今日のノマド&パレオドクターの格言
     「その日のうちに終わらせる重要な用件は2つ以上にしない

今日も快晴でした。
昨日の仕事での精神的ストレスを癒すため、今日の午前中は体を休めることに。

$ノマドドクター・ヒロのブログ


さて、昨日私の出版する本に関係してくる非常に重要なニュースが入ってきました。

それは・・・・・


糖質制限食(低炭水化物食)について、長期的な効用は認められず、むしろ死亡リスクが有意に増加するという研究結果が論文発表されというニュース(PLoS ONE, January 2013, Volume 8 Issue 1, e55030)。

 炭水化物の摂取量を極端に減らす「糖質制限食(低炭水化物食)」は、短期的には減量や血糖コントロールの改善につながるとして、減量や生活習慣病の食事療法のひとつとして注目されていました。一般書でもかなりのベストセラーになっていましたね。しかし、長期的な効果や安全性についてはあきらかになっていませんでした。

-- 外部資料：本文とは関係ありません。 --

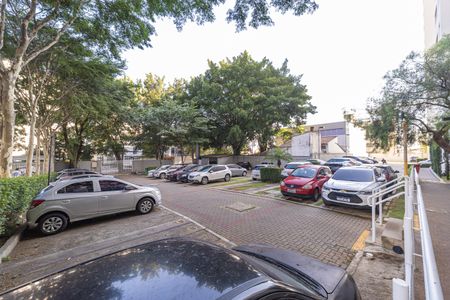 Apartamento à venda com 46m², 2 quartos e 1 vaga Apartamento à venda com 46m², 2 quartos e 1 vagaGaragem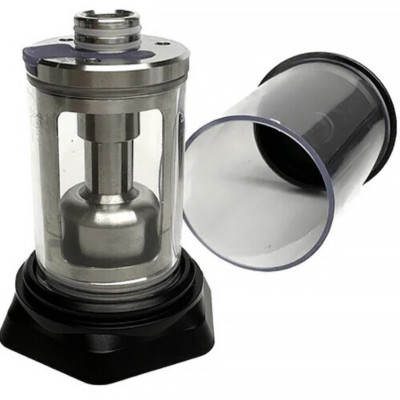 Запасной бак PMI Fog Chamber 2.0 для дым-машин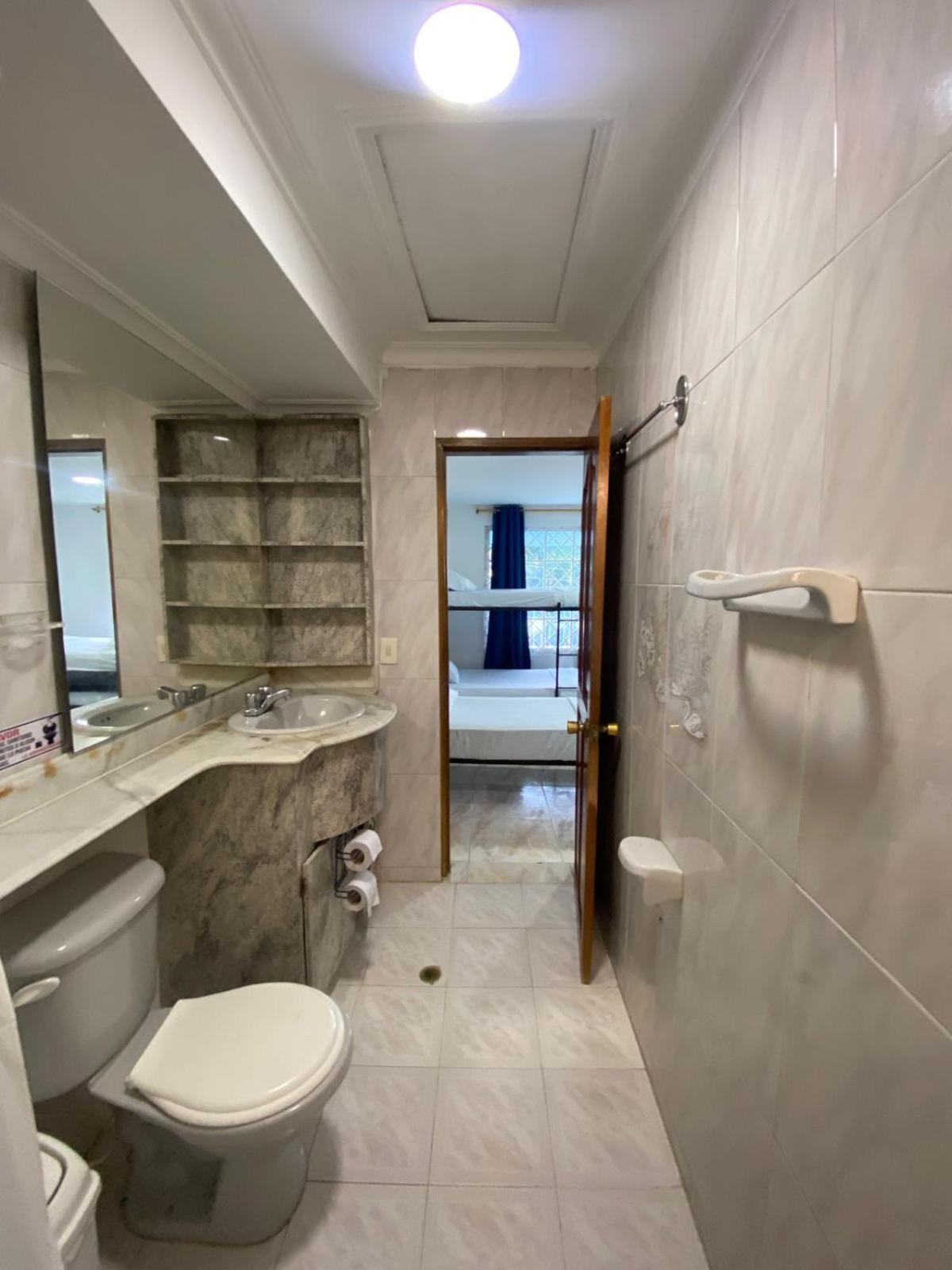 Privatunterkunft Blue Diamond House *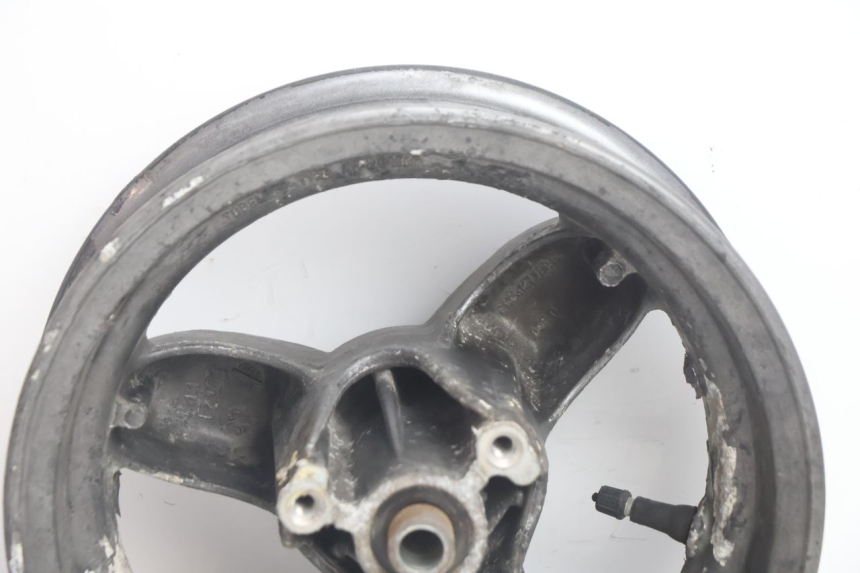 photo de VORDERRADFELGE PEUGEOT BUXY 50 (1993 - 1998) - Geprüftes Gebrauchtteil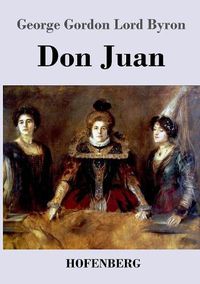 Cover image for Don Juan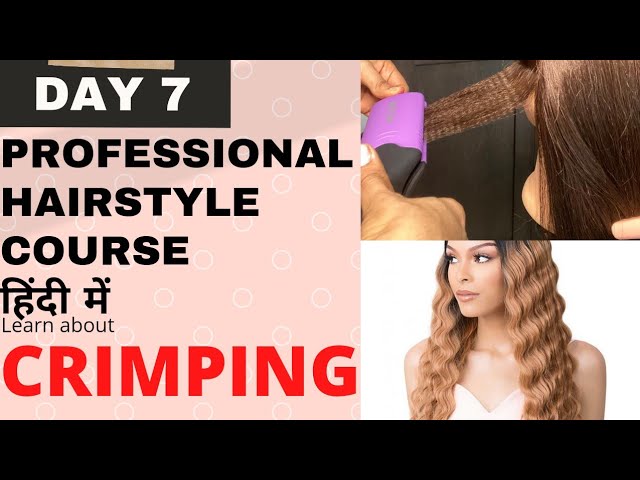 Female Diploma in Hairstyle at Rs 45000/month in Nashik | ID: 2771256833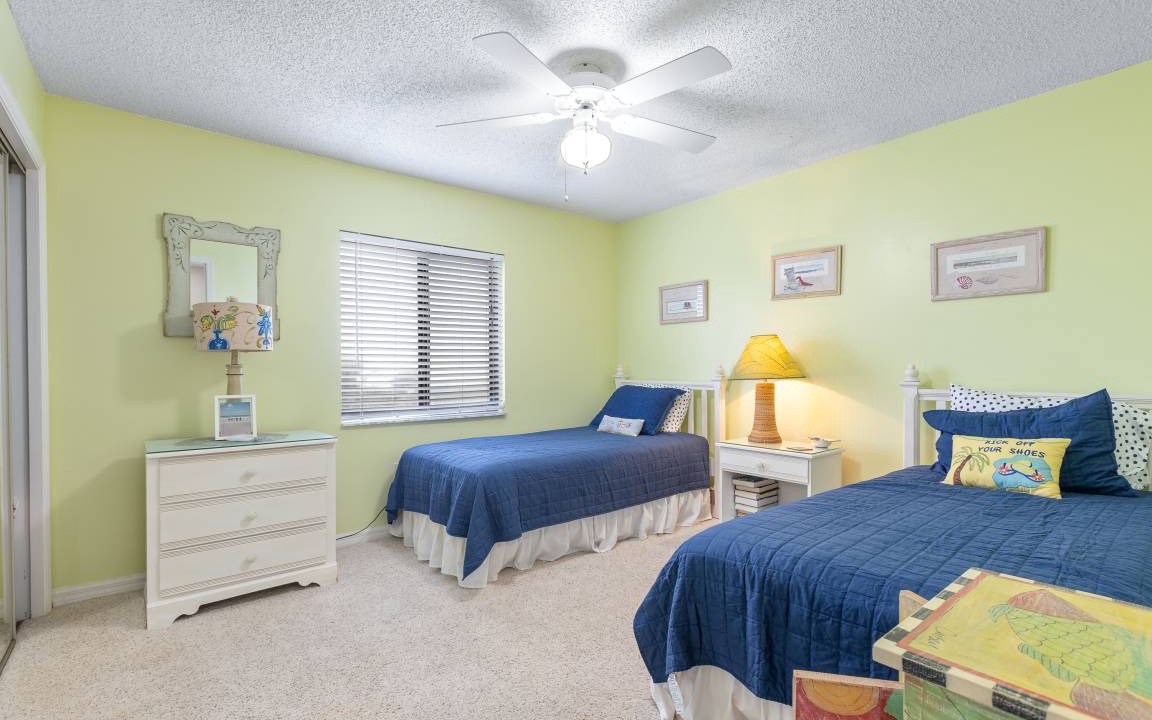 Photo of Bedroom in Bethune Beach
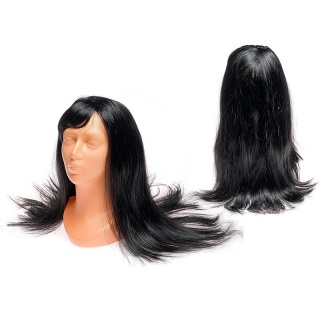 PERUKA 3713, Kostiumy i dodatki, Art. na okazje i przyjęcia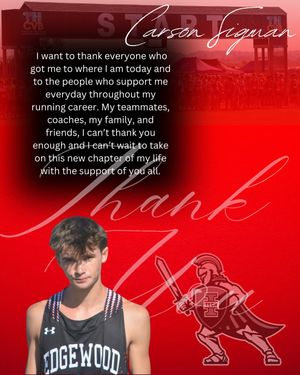 Image post by @edgewoodmustangs on Instagram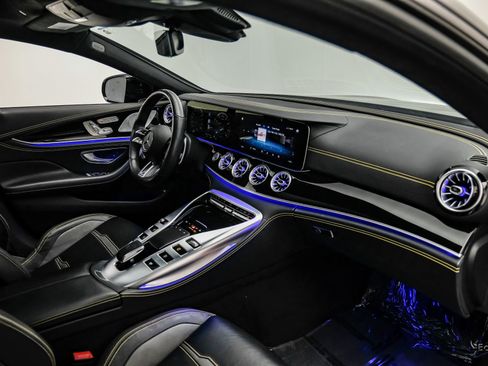 Used 2022 Mercedes-Benz AMG GT 53 image 50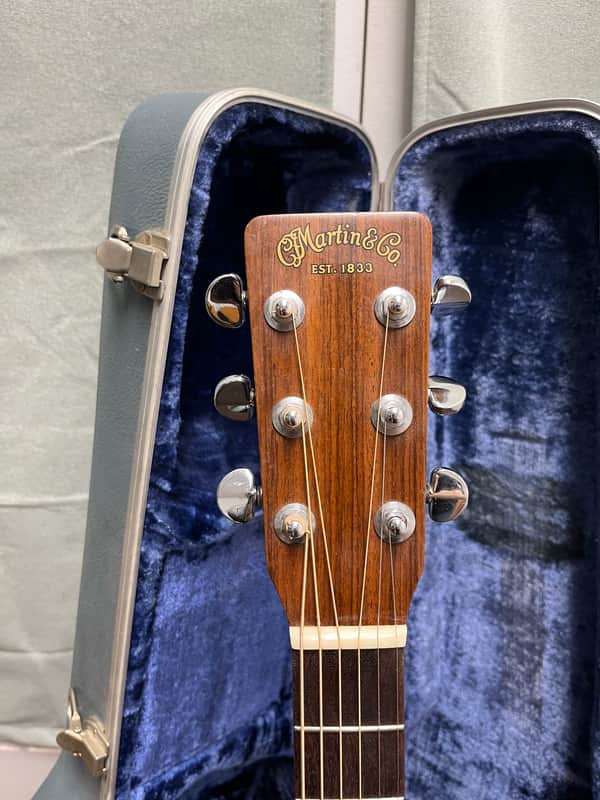 1979 Martin D-19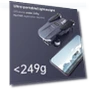Thumbnail GPS Drone with Camera — Drones, NAFYRE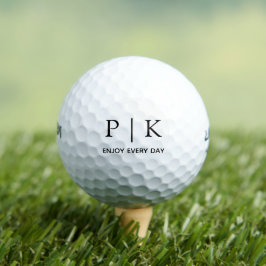 Modern Monogram Wilson Ultra Distance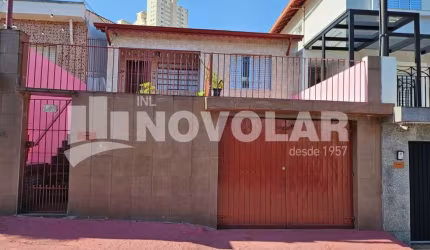 CASA ASSOBRADADA- 2 DORMITÓRIOS- 1 VAGA - MANDAQUI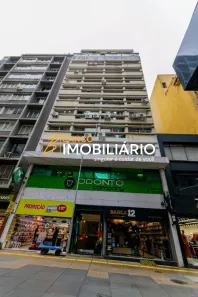 Sala Comercial para alugar, 96m² no Centro Histórico, Porto Alegre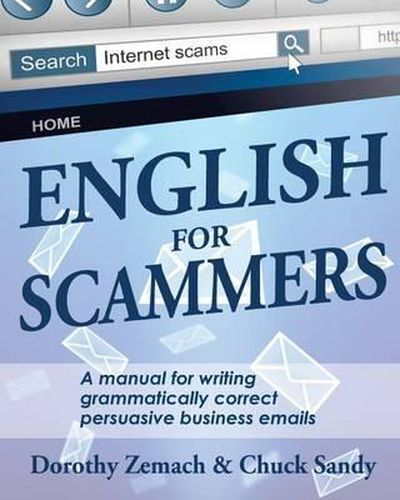 English for Scammers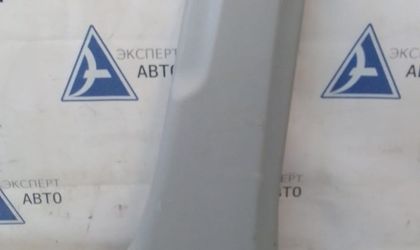 Обшивка средней стойки прав низ Kia Cerato I 2006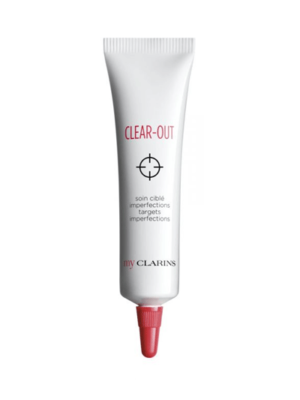 MY CLARINS CLEAR-OUT SOIN CIBLÉ IMPERFECTIONS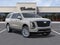 2027 Cadillac Escalade ESV Luxury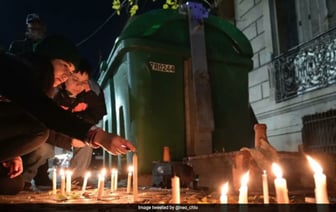 3 Женщины Погибли В Результате Поджога Лесбийской Пары В Результате Преступления На Почве Ненависти В Аргентине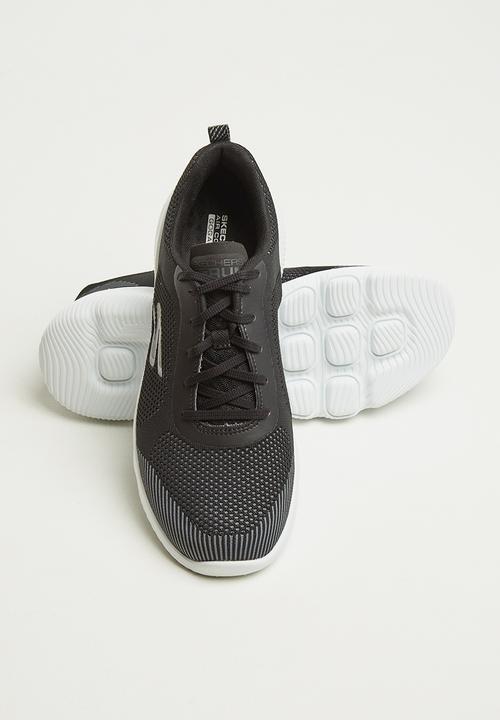 Skechers - Go run focus - black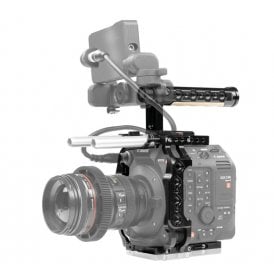 Shape Canon C500 Mark II/C300 Mark III cage and top handle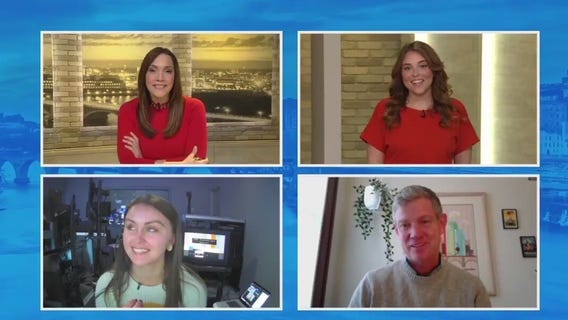 Thanksgiving: Pardoned turkey chauffeur adventures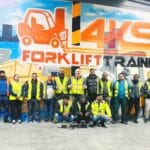 Forklift Training Updates | 4KS Forklift Training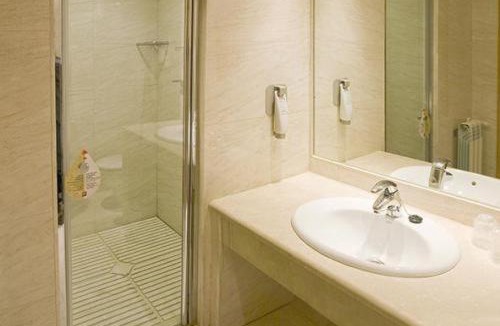 Arganda del Rey Hotel | B&B HOTEL Madrid Arganda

私の今回出版する本でも糖質制限食は”偏食”であり、危険であることをはっきりと指摘しています。
 

今回の論文では、昨年9月までに発表された糖質制限食に関する海外の医学論文から、ヒトでの経過を5年以上追跡して死亡率などを調べた9論文を解析しています。対象者は27万2216人(女性66%、追跡期間5~26年)。総死亡数は1万5981人でした。

その結果を詳しく見ていきましょう。

総カロリーに占める糖質の割合をスコア化した(LCスコア:low-carbohydrate score)。その結果、総死亡リスクは低糖質群で31%、有意に高値でした(調整リスク比の95%信頼区間は1.07-1.59)。
 

低糖質群と高糖質群を比較したLCスコアでは、心血管(CVD)による死亡リスクは低糖質群で10%上昇していました(同0.98-1.24)。いずれも低糖質群の死亡リスクは上昇がみられ、糖質制限食による長期的な効用は認めないことが示唆されました。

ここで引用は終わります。